DELITO há dez anos
Luís Naves: «Existe, de facto, um clima de medo, e acredito que na sociedade francesa isso seja particularmente forte: não é por acaso que, à medida que aumentam as clivagens religiosas, a Frente Nacional tem votações crescentes. O contemporâneo medo económico, ou seja, o medo de perder o emprego, o que levará a prazo a um sentimento de humilhação, é uma das forças que criam o contexto necessário para a histeria. O outro vector pode ser a fragmentação dos media e o aparecimento de informação não filtrada por profissionais e que prolifera nas redes sociais, sobretudo no Facebook. Ontem, circulou uma notícia falsa, que os autores reclamavam ter sido sancionada pela NASA, e que provocou certo pânico. (...) Não é preciso muito esforço para criar um clima eficaz de fim de mundo iminente. Não sei se os palhaços são um sinal do mal-estar civilizacional que acompanha as grandes mudanças, mas atrevo-me a pensar que vivemos num desses momentos: a aceleração do mundo excita as imaginações e o medo pode ser a ferramenta mais útil para travar certas mudanças.»
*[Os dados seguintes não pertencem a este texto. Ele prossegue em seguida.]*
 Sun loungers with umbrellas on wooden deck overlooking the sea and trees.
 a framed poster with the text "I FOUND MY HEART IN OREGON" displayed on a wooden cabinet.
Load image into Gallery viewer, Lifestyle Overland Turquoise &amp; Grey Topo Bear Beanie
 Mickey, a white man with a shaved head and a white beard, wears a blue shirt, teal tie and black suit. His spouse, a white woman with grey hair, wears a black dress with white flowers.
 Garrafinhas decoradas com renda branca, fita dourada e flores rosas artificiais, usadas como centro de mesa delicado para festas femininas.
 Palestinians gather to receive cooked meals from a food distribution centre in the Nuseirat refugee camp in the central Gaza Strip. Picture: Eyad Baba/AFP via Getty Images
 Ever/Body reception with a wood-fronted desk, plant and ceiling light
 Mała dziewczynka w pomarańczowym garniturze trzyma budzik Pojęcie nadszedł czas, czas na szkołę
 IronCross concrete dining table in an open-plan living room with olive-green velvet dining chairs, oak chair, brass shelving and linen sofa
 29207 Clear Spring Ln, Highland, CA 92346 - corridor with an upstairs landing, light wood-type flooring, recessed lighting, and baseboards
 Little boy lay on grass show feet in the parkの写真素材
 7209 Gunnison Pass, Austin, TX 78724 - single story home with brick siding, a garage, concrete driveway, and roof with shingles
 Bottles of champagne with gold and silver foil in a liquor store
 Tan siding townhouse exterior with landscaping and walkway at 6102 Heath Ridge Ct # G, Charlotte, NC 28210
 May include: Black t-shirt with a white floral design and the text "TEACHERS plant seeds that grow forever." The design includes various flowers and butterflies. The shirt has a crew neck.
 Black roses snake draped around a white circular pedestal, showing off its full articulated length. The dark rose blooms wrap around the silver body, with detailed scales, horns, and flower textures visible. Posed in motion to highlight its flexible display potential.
Eu: «Repare-se na linguagem tantas vezes adoptada para descrever os bárbaros assassínios de jornalistas, decapitados a sangue-frio depois de serem forçados a confessar aquilo que não pensam e noutras circunstâncias jamais diriam: foram "executados", proclamam vozes neutrais na televisão, sem um assomo visível de indignação cívica. Fosse outro o contexto, fossem outros os algozes, falar-se-ia em crime, chacina, massacre. "Execução" tem uma conotação burocrática, quase legal, quase consentida, quase compreensível. O primeiro erro, aliás, é chamar Estado Islâmico a um movimento inorgânico que utiliza a bandeira do islão como mero pretexto para dar largas ao mais básico instinto sanguinário. Um bando de pistoleiros, mesmo vasto e bem armado, não pode confundir-se com Estado algum. E nenhuma religião deve caucionar a violência homicida, aliás cometida em larga medida, neste caso, contra os próprios irmãos de fé.»